Tuesday, May 18, 2010

South Africa No Free Neither Are We

"A.F.R.I.C.A." is a classic Stetsasonic single that was surprisingly left off any of their albums. This was a pretty big release at the time (1989), and went a long way to putting a pre-"Talking All That Jazz" Stetsasonic on the map. It was a side project of the Artists United Against Apartheid's Sun City release - not included on the album (because that came out four years earlier), but single is marked with their logo and says it's "endorsed" by the Sun City album.

You surely remember the video, if you were around back then, with Stet superimposed over South African news footage. The song has a very rudimentary, old school feel to it. It's that low tech sound you either reminisce fondly of, or you're embarrassed to death to listen to today. But there's no denying the funky percussion... probably because it's provided by Olatunji and the Drums of Passion. And the hook to this song is one of the best geography lessons I ever had in life. How many cities countries (whoops! fixed - see comments section) in South Africa can you name? I can name "Angoloa, Soweto, Zimbabwe... Tanzania, Zambia, Mozambique and Botswana!" The picture cover[upper left] also says it's featuring The Reverend Jesse Jackson, but that's a little disingenuous. They sample a speech he made when he made about South Africa... but how many tons of rap songs sampled speeches? They didn't claim them as featured guest stars!

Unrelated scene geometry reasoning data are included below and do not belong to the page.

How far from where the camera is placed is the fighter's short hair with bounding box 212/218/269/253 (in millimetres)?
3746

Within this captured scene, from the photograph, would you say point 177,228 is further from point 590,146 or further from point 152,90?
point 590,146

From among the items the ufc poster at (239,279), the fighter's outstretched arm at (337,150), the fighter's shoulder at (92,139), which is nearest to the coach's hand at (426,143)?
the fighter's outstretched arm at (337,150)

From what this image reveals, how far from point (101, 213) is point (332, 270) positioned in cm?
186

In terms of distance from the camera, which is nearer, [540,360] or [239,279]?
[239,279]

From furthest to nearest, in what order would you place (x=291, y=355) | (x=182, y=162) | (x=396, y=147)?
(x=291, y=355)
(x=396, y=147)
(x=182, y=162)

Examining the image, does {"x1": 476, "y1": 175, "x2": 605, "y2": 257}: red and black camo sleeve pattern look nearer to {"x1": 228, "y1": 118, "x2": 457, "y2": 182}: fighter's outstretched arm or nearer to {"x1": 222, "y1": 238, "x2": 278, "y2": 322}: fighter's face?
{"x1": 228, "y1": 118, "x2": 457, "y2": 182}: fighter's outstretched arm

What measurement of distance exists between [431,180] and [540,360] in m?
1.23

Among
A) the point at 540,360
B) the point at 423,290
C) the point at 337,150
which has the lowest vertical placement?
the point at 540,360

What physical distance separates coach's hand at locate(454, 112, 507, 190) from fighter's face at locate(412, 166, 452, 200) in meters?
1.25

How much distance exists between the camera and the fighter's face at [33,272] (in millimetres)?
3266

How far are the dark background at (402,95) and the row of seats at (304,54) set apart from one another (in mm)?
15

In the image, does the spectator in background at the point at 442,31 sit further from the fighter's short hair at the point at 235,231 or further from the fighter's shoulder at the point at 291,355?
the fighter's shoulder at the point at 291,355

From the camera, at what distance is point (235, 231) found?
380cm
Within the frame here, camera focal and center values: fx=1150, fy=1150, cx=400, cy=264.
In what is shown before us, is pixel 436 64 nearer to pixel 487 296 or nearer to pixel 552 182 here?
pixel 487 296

Still... the CD single[which I don't have, but I stole the scan from discogs... right] features a photo of Jackson posing with the band, so he must have at least signed off on this record.

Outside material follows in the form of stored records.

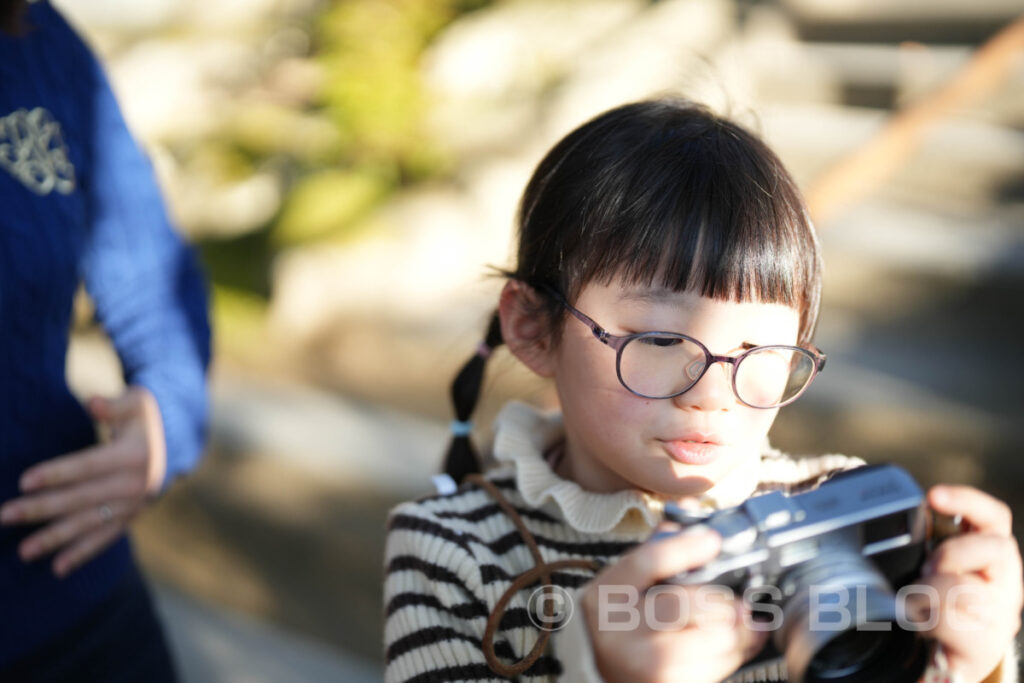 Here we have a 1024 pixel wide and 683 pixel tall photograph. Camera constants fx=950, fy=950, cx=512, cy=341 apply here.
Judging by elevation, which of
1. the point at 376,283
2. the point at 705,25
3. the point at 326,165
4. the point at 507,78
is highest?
the point at 705,25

And speaking of the picture cover, it's a pretty neat one! The inner sleeve also includes the lyrics, production notes, an essay on the problems of apartheid (an excerpt: "After a network TV report on [Jackon's] trip appeared on ABC's 20/20, Stetsasonic checked out the situation. They wrote A.F.R.I.C.A. to get more people interested in finding out about apartheid and the Frontline states") and a detailed map. Seriously, there's a lot to read with this record.

There's a couple mixes here... the regular version, a slightly shorter Radio Version and The Stetsafied Mix. The Stetsafied Mix isn't too different from the other two; but it does feature a lot more beat-boxing from Wise, some deeper drum machine notes and a few other odds and ends thrown into the mix.

Finally, there's "Free South Africa" by Tack Head. Tack Head is actually an alias of The Sugar Hill Band, a.k.a. Fats Comet. I assume the change in name is so people wouldn't expect the softer disco sound of the early Sugar Hill Days... this features hip-hop drums, electric guitars and a lot of vocal samples from news programs laid over them. It's kinda dated, but in some ways sounds even more dated than "A.F.R.I.C.A."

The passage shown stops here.